The critical digital infrastructure sector continues to enjoy robust growth, noted the Uptime Institute in its report, Five Data Centre Predictions for 2024. The advisory organisation says rapidly evolving technologies will further drive and sustain this trend in 2024 and beyond — but will also create new challenges for operators.
The report highlights challenges including greater scrutiny over sustainability commitments; the adoption of power hungry AI; the need for (and limitations of) direct liquid cooling; the evolution of data centre management software; and the emergence of data centre campuses that redefine the meaning of hyperscale.
Predictions for 2024
1. Operators — prepare for a sustainability reckoning
New reporting laws and toughening requirements will enforce stricter data centre carbon reporting in many countries. These will challenge organisations’ publicly announced sustainability goals and force operators to prove their targets are both realistic and evidence-based. For many, this will be painful and expensive.
2. Demand for AI will have a limited impact on most operators
The fervour around AI has the data centre industry bracing itself for a significant increase in demand, and a need for more power and cooling. While the overall impact on data centres may ultimately be profound, the most demanding services will be delivered only by a few.
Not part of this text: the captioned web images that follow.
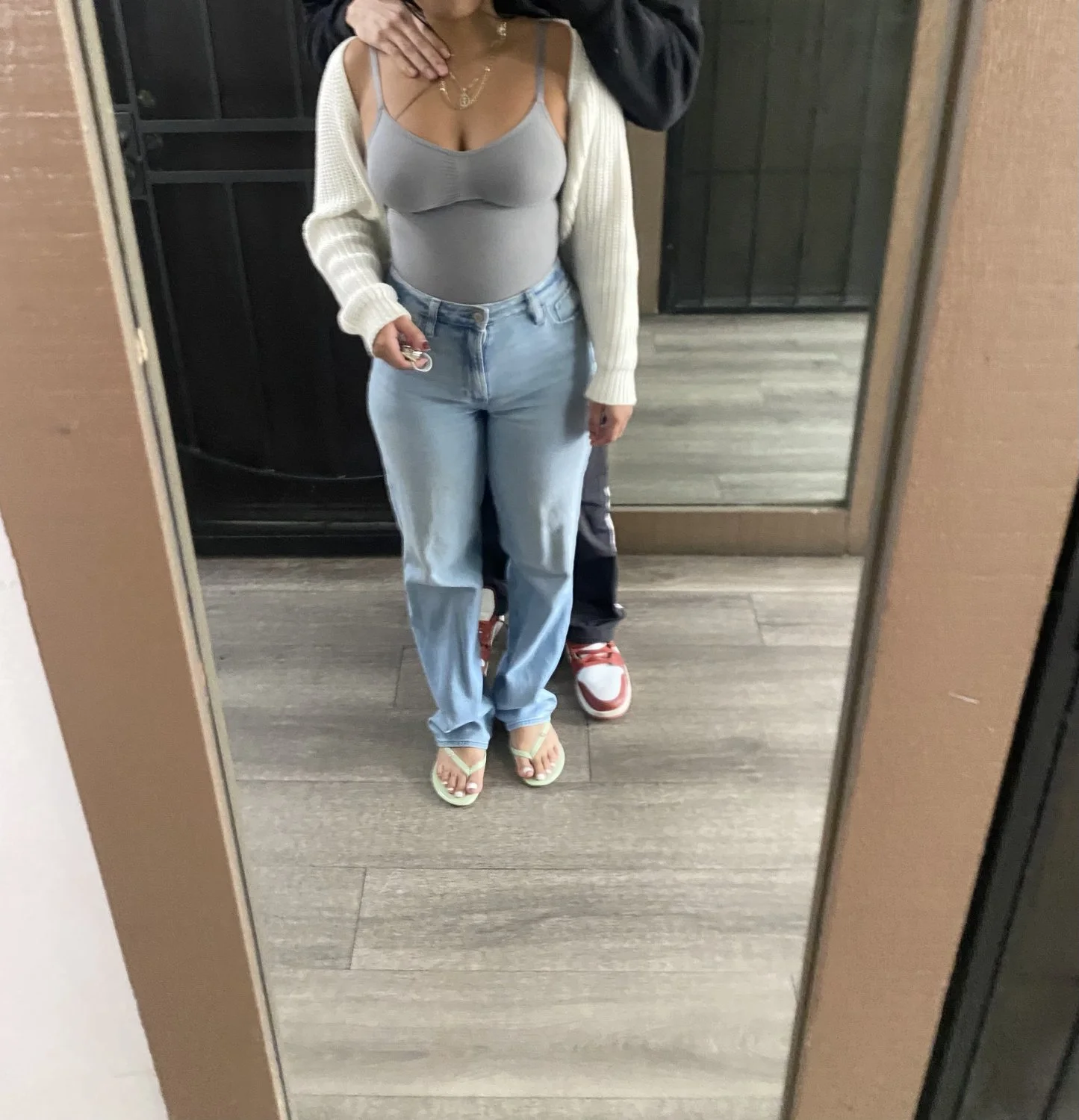 Latina gf creams on me main image
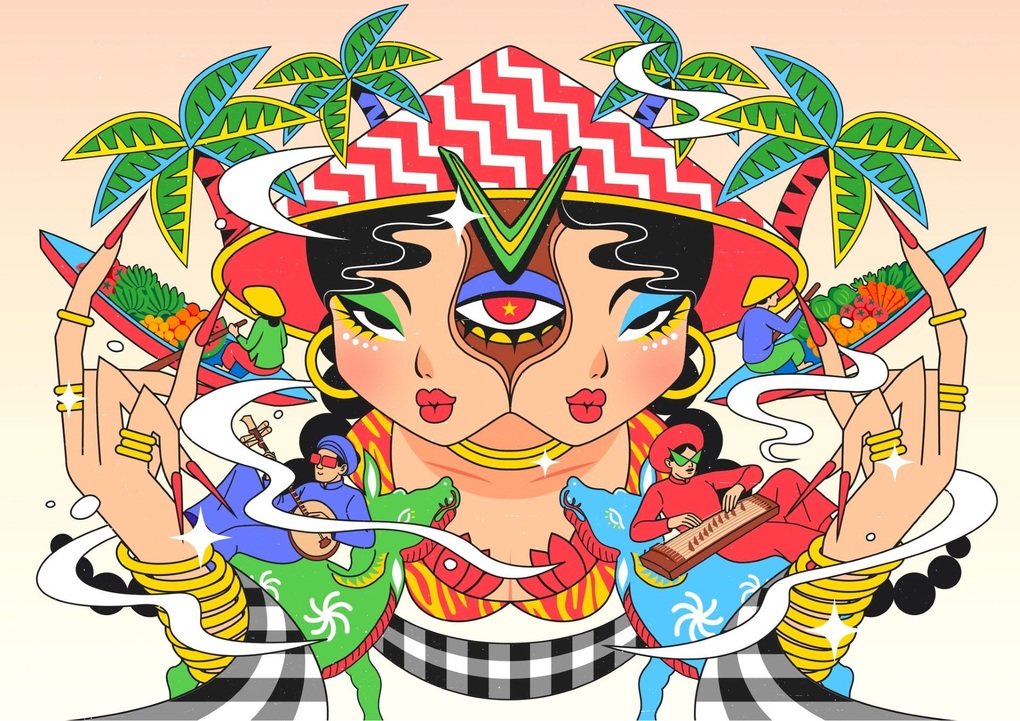 Bản sắc dân tộc được tôn vinh trong cuộc thi thiết kế sáng tạo VF 3  lần 2 - 4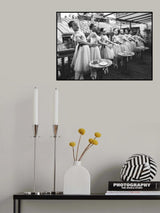 Little balet dancers Poster och Canvastavla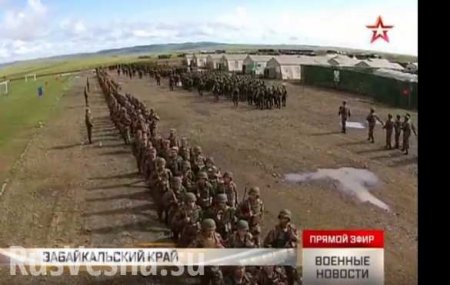 Кошмар Порошенко — в Бурятии стартовали российско-монгольские учения (ВИДЕО)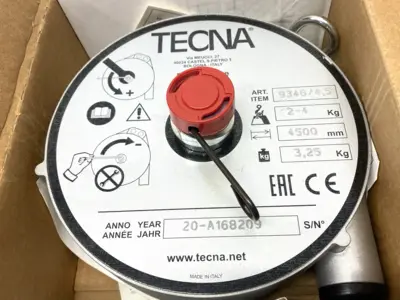 New | in-Stock Tecna 9346/4,5 Balancers Michigan US | Maverick Industrial Sales #1495638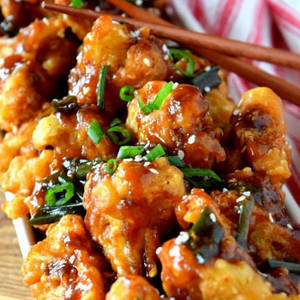 Prawn Manchurian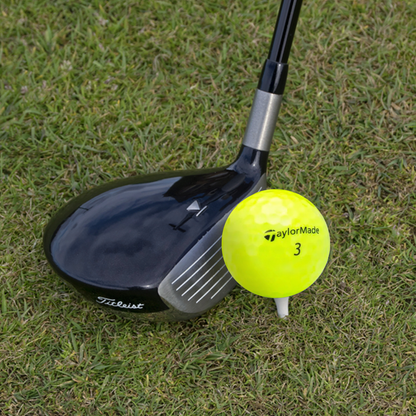 Used TaylorMade TP5 Yellow Golf Balls - 1 Dozen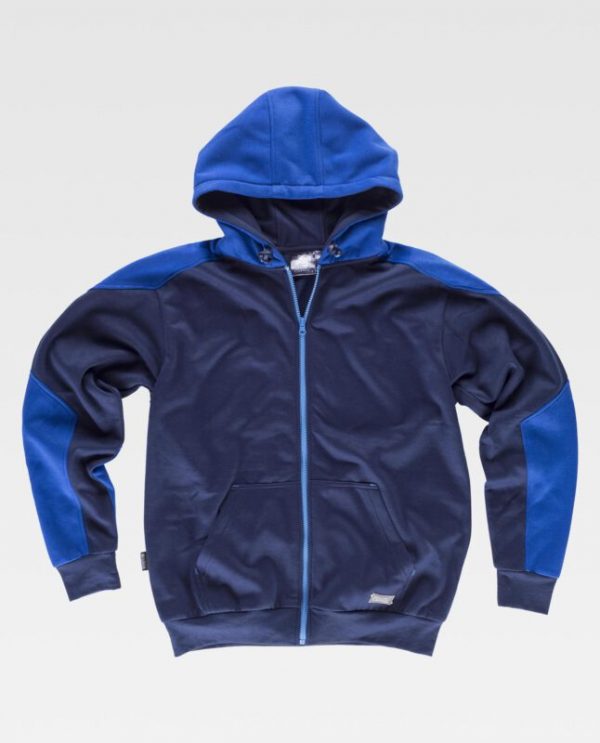 Sudadera capucha WORKTEAM S5530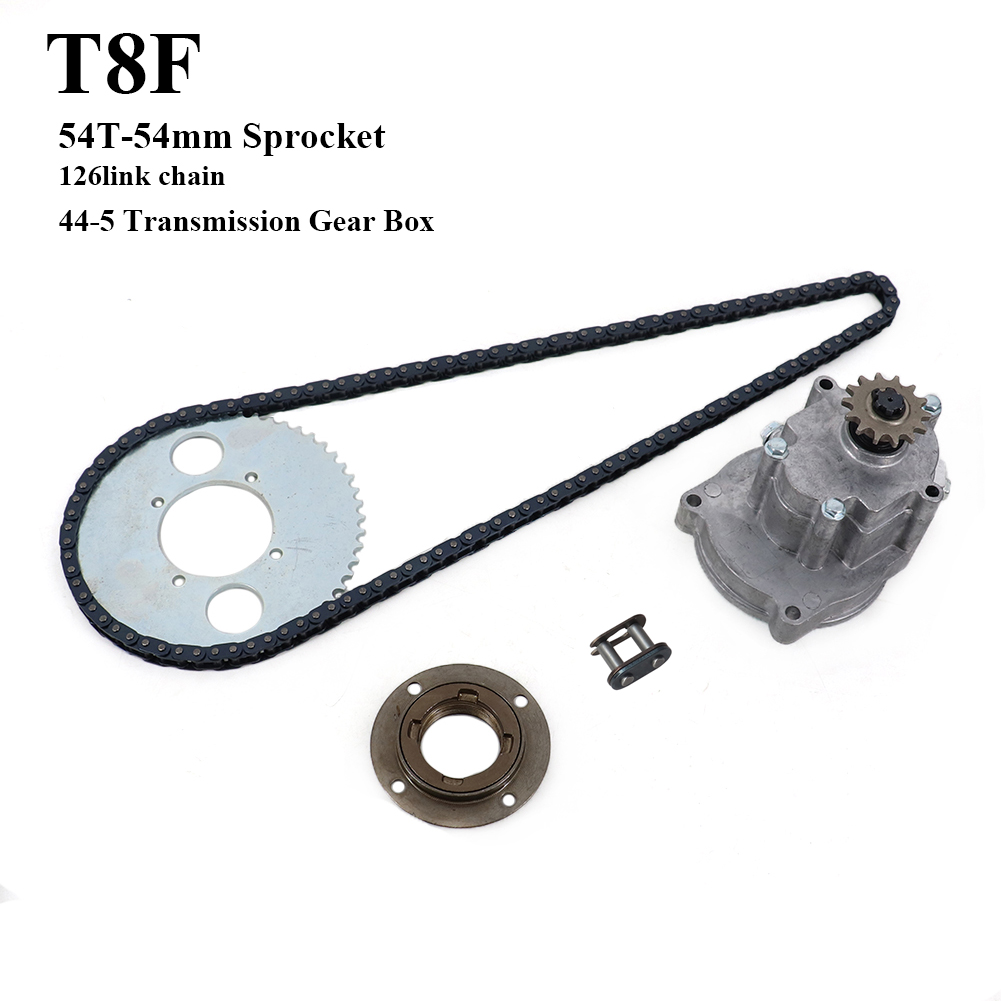 Motorcycle Gear Organizer - T8F 54T Chain Plate 54mm 54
For most operators, the impact will be indirect: the immediate challenge is how best to deliver a richer mix of densities and resiliency tiers from the same facility.
3. Data centre software gets smarter, leverages data — at last
Operators have been slow to take advantage of developments in software, connectivity and sensor technologies that can help optimize and automate the running of critical infrastructure.
This is beginning to change, with more operators embracing new tools and the intelligent use of data (including machine learning). However the market is still evolving, and there will be risks from complexity, poor implementation, and tool selection.
4. Direct liquid cooling will not solve efficiency challenges
Operators have great expectations of direct liquid cooling in terms of improving efficiency and sustainability. However, these benefits will be out of reach for many organisations.
A slow rollout of the technology, characterized by mixed environments, constrained optimization, and the continuing requirement for existing systems to run in parallel will limit its contribution to infrastructure efficiency — even if it is necessary.
5. Hyperscale campuses begin to redraw the data centre map
The build-out of new hyperscale colocation campuses, connected by wide-bandwidth fibre, will relieve pressure on traditional data centre hotspots — and, in the long term, lower colocation prices. As a solution to rocketing demand for compute and storage, the hyperscale campus will emerge slowly — with the availability of fibre and power being critical factors.